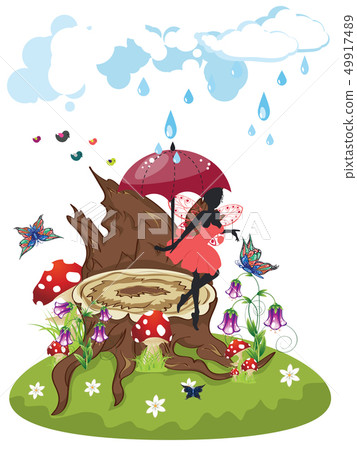 Tree Stump and Fairy Tree Stump and Fairy 49917489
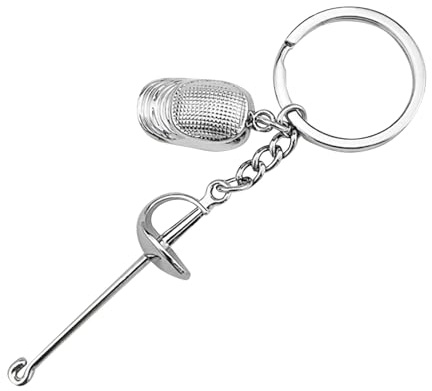 Porte-clés avec sabre – Porte-clés en métal pour escrimeurs, amateurs de sport | Cadeau de collection pour le travail, l'école, les voyages, le camping, les voyages d'affaires, C, Refer to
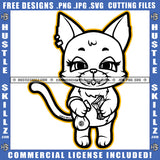 Cute Misa Cat Standing Smile Face Cat Holding Money And Money Bag White Color Design Element Cute Cat Wearing Ear Ring SVG JPG PNG Vector Clipart Cricut Cutting Files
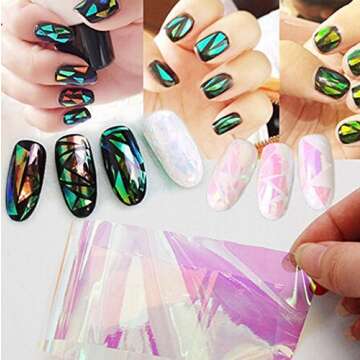 AKOAK 6 Colors Fashion Punk Transfer Foil Sticker Reflective Mirror Design Broken Glass Sticker Colo...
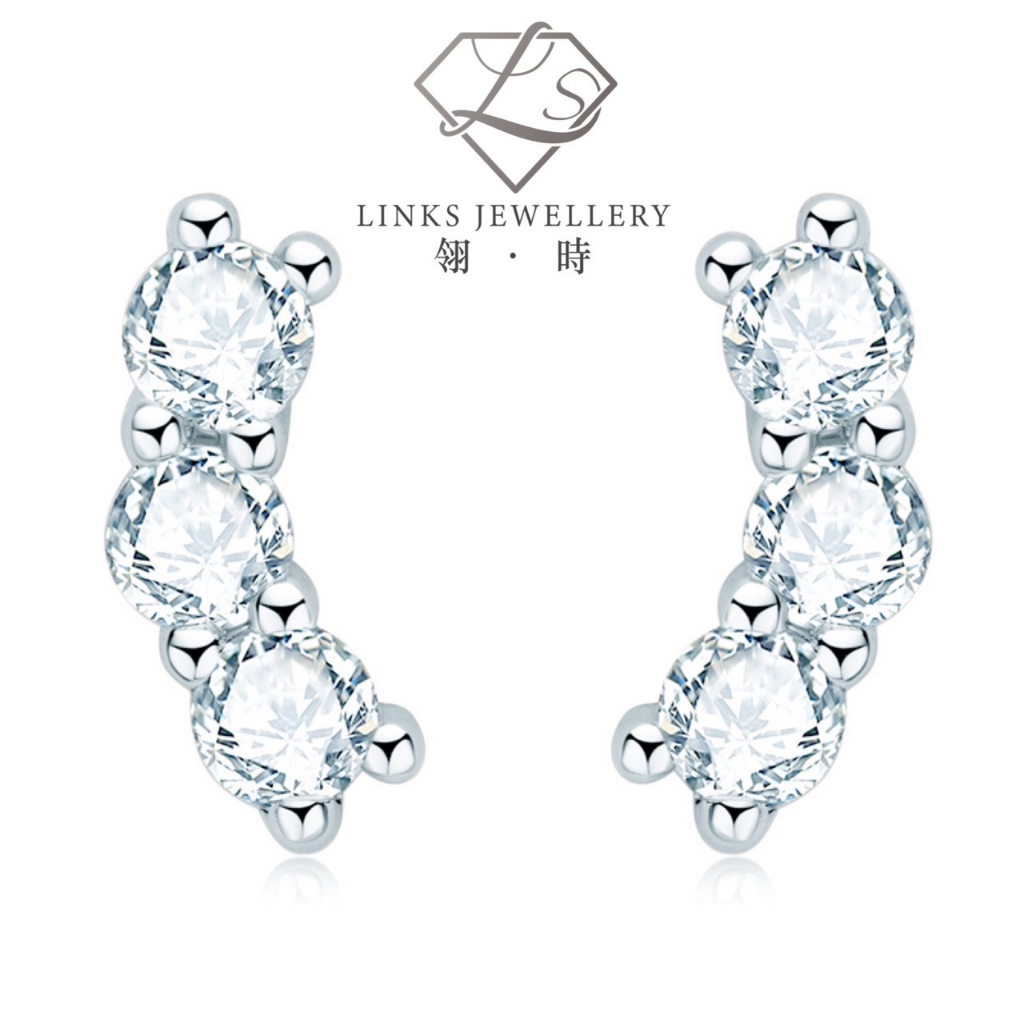 ［Real Moissanite］Can Pass Diamond Test 18K Gold Light luxury Curved Three Moissanite Earrings ME022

▶ [ACTION ITEM]:
An answer that restates all the entries exactly and drops the images is what is needed.

▶ [ANSWER TO THE EXERCISE]:
 Tree Stump and Fairy Tree Stump and Fairy 49917489
 Porte-clés avec sabre – Porte-clés en métal pour escrimeurs, amateurs de sport | Cadeau de collection pour le travail, l'école, les voyages, le camping, les voyages d'affaires, C, Refer to
 Cute Misa Cat Standing Smile Face Cat Holding Money And Money Bag White Color Design Element Cute Cat Wearing Ear Ring SVG JPG PNG Vector Clipart Cricut Cutting Files
 AKOAK 6 Colors Fashion Punk Transfer Foil Sticker Reflective Mirror Design Broken Glass Sticker Colo...
 ［Real Moissanite］Can Pass Diamond Test 18K Gold Light luxury Curved Three Moissanite Earrings ME022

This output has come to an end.